I didn’t read him closely enough to think through too many of the issues, but these are the takeaways I have after one quick read:
- Inerrancy: Bloesch clarifies for me that there are 4 ways of interacting with inerrancy. 1 is to affirm it and interpret the Bible literalistically. This is intellectual suicide. 2 is to affirm it but qualify it with a careful understanding of genre common sense and stuff like that. Think Packer or Erickson. 3 is to deny it in empirical (scientific or historical) matters but basically affirm it in a theological way. This is the way Bloesch sees it. 4 is to deny it outright and affirm the Bible as a human witness without a divine voice. Options 2 and 3 are really not that far from each other in the conclusions they draw (how different is Bloesch from someone like Packer or Bavinck, really?). At the moment, I think 3 is probably the most true, but I’m not sure. Basically Bloesch argues inerrancy as historically understood is defensible, but in the post-enlightenment world, the term has been co-opted and does not mean what it used to. From what I understand, this is basically Berkouwer’s view.

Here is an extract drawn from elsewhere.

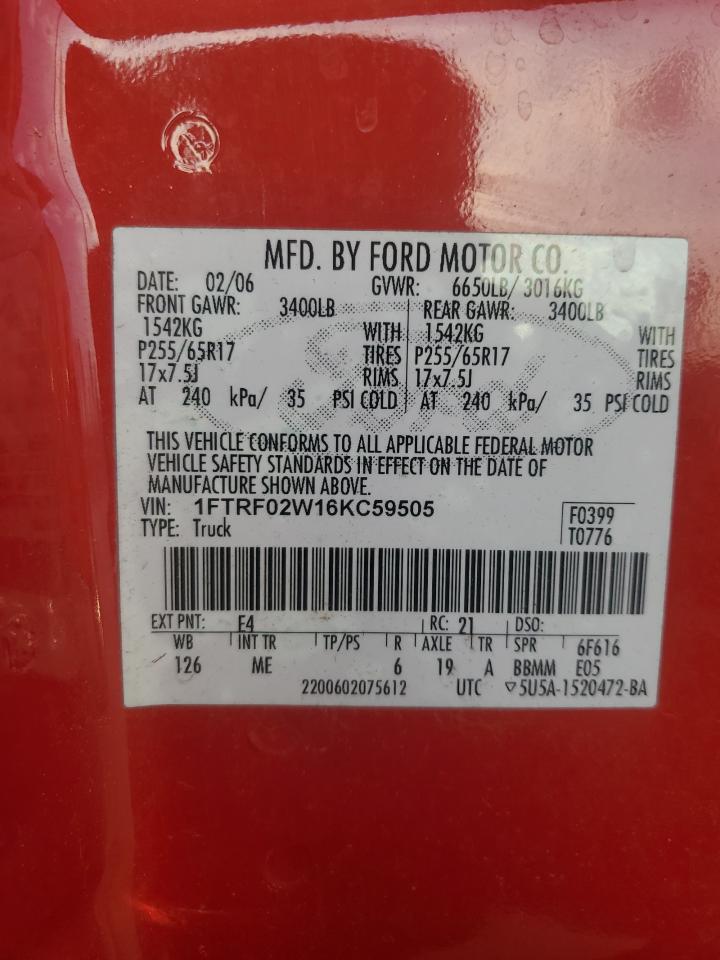 2006 Ford F150 VIN: 1FTRF02W16KC59505 Lot: 93377935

- Myth: Bloesch blessed me immensely by his acceptance of mythological language in the Bible, even in the gospels. This isn’t anything crazy and the Bible is still rooted in God’s mighty deeds in history, but these events are narrated to us in mythological language (if you want to quibble on the term, Bloesch is fine with something different). I wonder how this compares with Meir Steinberg’s proposal that the Bible is a blend of history, theology, and poetics. No easy answers on where to draw the line here, but it does give me the freedom to think and question.
I know many traditional evangelicals will be very concerned with Bloesch’s proposals here. I certainly don’t think he’s got everything figured out. But at this moment, I just fail to see how Bloesch is that far off the mark. Perhaps it is possible to qualify inerrancy enough to make it rationally acceptable. If so, that is probably the best way forward. Bloesch himself says that traditional evangelical theology makes the theological task more simple. But I gotta feel like this is definitely a work of Catholic, orthodox, and evangelical theology.
Quotes to get a taste:
Yet our final authority is not what the Bible says but what God says in the Bible. To be sure, God says what his witnesses say, but he says much more. Indeed, some things that his witnesses say fall short of the full picture that God invites us to see.
Our final authority is not the Bible as a book or the Bible in and of itself but the Bible penetrated by the Spirit and discerned by Spirit-filled people.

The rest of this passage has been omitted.